Targeted-TV ad network Amagi has announced a partnership with television viewership monitoring body Broadcast Audience Research Council of India (BARC) to monitor geo-targeted ad campaigns across TV channels. Feeds by national and regional channels split will be listed across BARC India’s interfaces.
Amagi was founded in 2008, with the capability to enable different ads in different regions on the same air-time band it has bought on a particular TV channel. It works with 25 channels including Zee TV and Colors.
BARC was formed to provide a more reliable television audience measurement system for India, promoted by the three key industry stakeholders, (broadcasters, advertisers and advertising and media agencies). Its first set of TV ratings was released in April 2015.
IHS believes the BARC-Amagi partnership will spur geo-targeted TV ad spend in India and further bring regional markets into focus.

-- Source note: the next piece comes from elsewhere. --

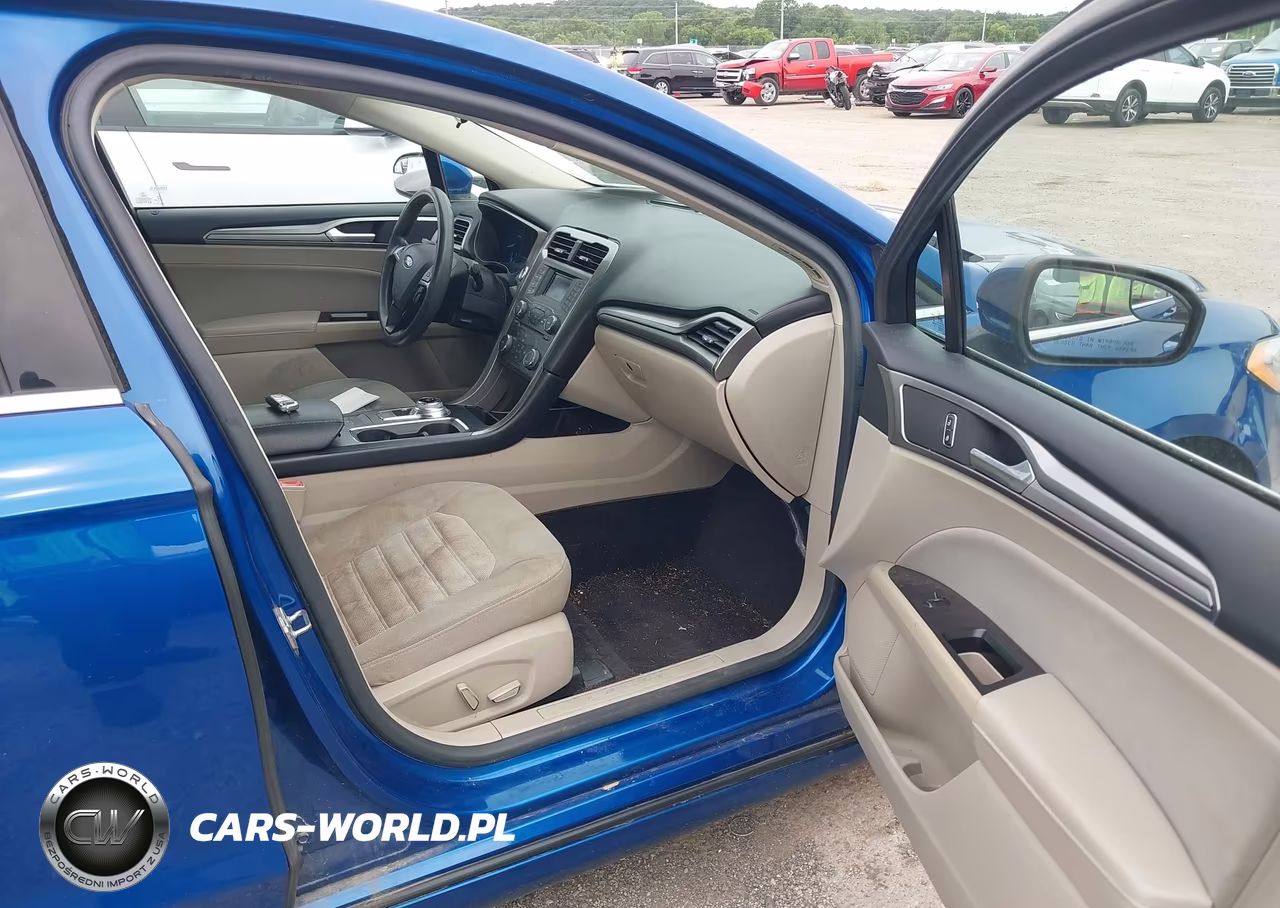 2017 Ford Fusion Se VIN:3FA6P0H71HR179478 - 5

Geo-targeted advertising is feasible in a sizeable and fragmented TV market like India. According to IHS, there were 170 million television households in India (the US had 119 million) in 2015. The South Asian country has 29 states and 22 registered official languages; television broadcasting consists of hundreds of national and regional channels.
The integration of national and regional channels in the Indian TV market is commonplace with major national players such as Star India and Viacom18 acquiring regional channels to add into their portfolio. Recent BARC’s reading also showed ratings of major Tamil and Telegu regional markets eating into the pie of national Hindi channels.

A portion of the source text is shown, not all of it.